A couple of days ago, the following event were logged in MSA Event log:
---
10-28 16:25:18 59 A680 Disk channel error (Channel:0 ID:0 SN:3LN6GLNN00009908B43J Encl:0 Slot:0): Abort Timeout cdb:Rd 0edc5b20 0010
10-28 16:25:18 114 A679 Drive link down Chan0
10-28 16:25:18 59 A678 Disk channel error (Channel:0 ID:5 SN:3LN6GKB70000990764F2 Encl:0 Slot:5): I/O Timeout cdb:Rd 0ede8150 0010
10-28 16:25:11 59 A677 Disk channel error (Channel:0 ID:5 SN:3LN6GKB70000990764F2 Encl:0 Slot:5): I/O Timeout cdb:Rd 092cc700 0080
10-28 16:25:11 59 A676 Disk channel error (Channel:0 ID:4 SN:3LN6F2QD00009908X3BF Encl:0 Slot:4): I/O Timeout cdb:2 additional
10-28 16:25:11 59 A675 Disk channel error (Channel:0 ID:4 SN:3LN6F2QD00009908X3BF Encl:0 Slot:4): I/O Timeout cdb:Rd 092cc700 0080
10-28 16:25:11 59 A674 Disk channel error (Channel:0 ID:0 SN:3LN6GLNN00009908B43J Encl:0 Slot:0): I/O Timeout cdb:6 additional
10-28 16:25:11 59 A673 Disk channel error (Channel:0 ID:0 SN:3LN6GLNN00009908B43J Encl:0 Slot:0): I/O Timeout cdb:Rd 092cc700 0080

---
And then the events stoped. No other Events regarding this were reported.

This MSA is connected to a Windows 2008 server, with HYPER-V role.
The problem was, that for about 1 minute and 30 seconds, the MSA volume was "lost" for Win2008. Ofcourse this means, that HYPER-V virtual servers went down (and one of them got corrupted).

Next morning the MSA box was restartart and after that all Drives and Volumse report to be OK. And there seems to be no other problems at the moment.

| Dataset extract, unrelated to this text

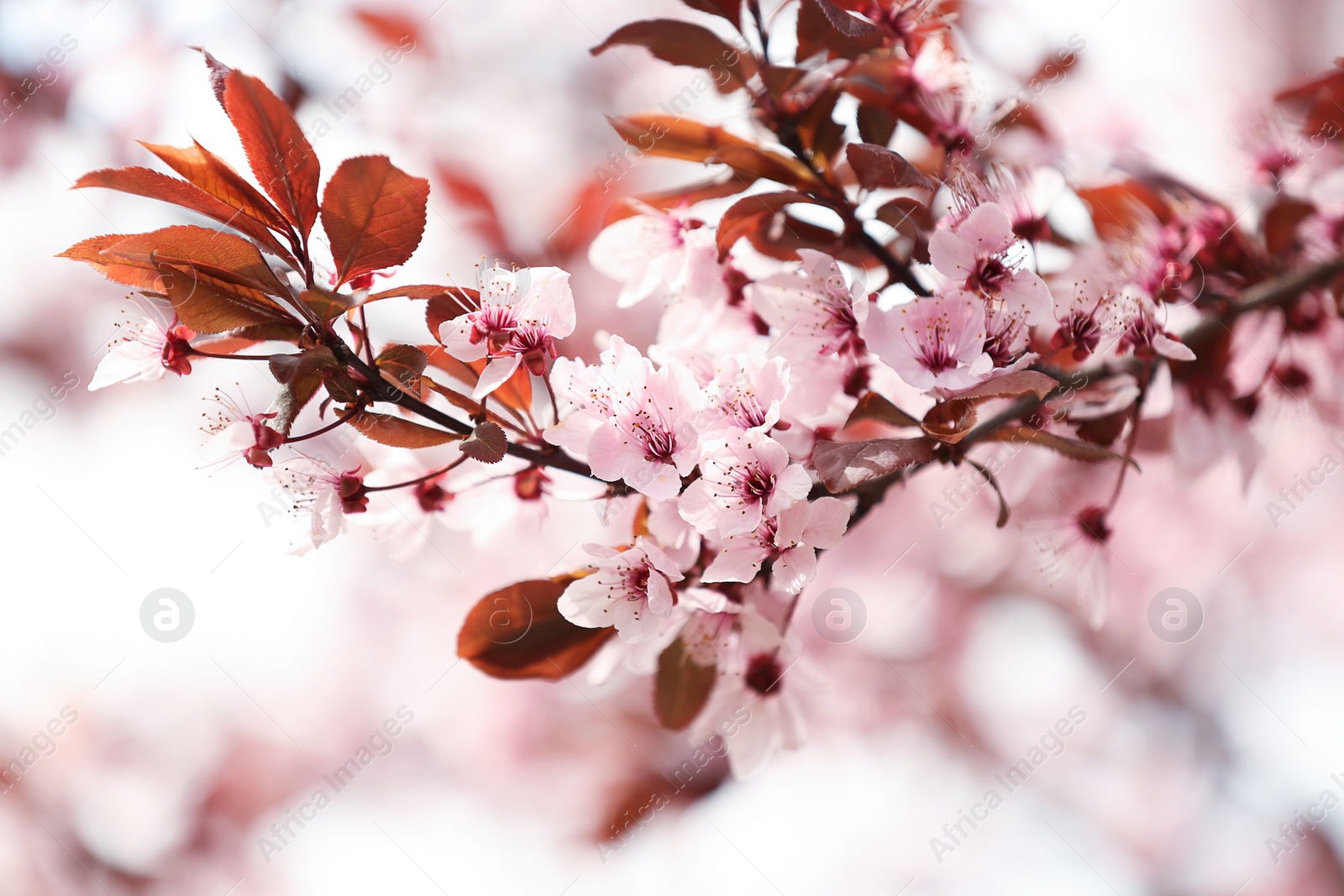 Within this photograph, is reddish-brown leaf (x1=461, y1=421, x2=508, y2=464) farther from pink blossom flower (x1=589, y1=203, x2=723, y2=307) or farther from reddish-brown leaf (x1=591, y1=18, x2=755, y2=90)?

I'm wondering - what could of happaned? And can we expect these surprises in the future?

I suspect that the firmware at the moment is not the latest, so i'm planning to upgrade it.
inti
Advisor

Re: MSA2012i Connection Issue with failed Drive

Hm, but in your case no Disk was replaced by a Spare ?

I never found out what the Issue was. From then to today the Storage has been stable. I thing I did a Firmware-Upgrade some time after the Issue but we had (luckily) no futher Disk-Faults to check the behavior.

I still guess either the Disk faulted in a very "bad" way or the Spare-Migration from Controller A to Controller B took to long.
Vahur Aasala
New Member

Re: MSA2012i Connection Issue with failed Drive

Hi,

our customer's MSA has 2 vDisks - one with SATA drives and the other one with SAS drives and there's no spare drive for the SAS vDisk. Ofcourse (per Murphy), the problem with the "disk channel error" was reported only, for the drives in SAS vDisk. But since the problem got reported for 3 different physical SAS disks, then I dont know if the Spare would of made any difference anyway.

Anyway, all the volumes on SAS vDisk are fine after the problems (it was a RAID-6 vDisk). Weird stuff.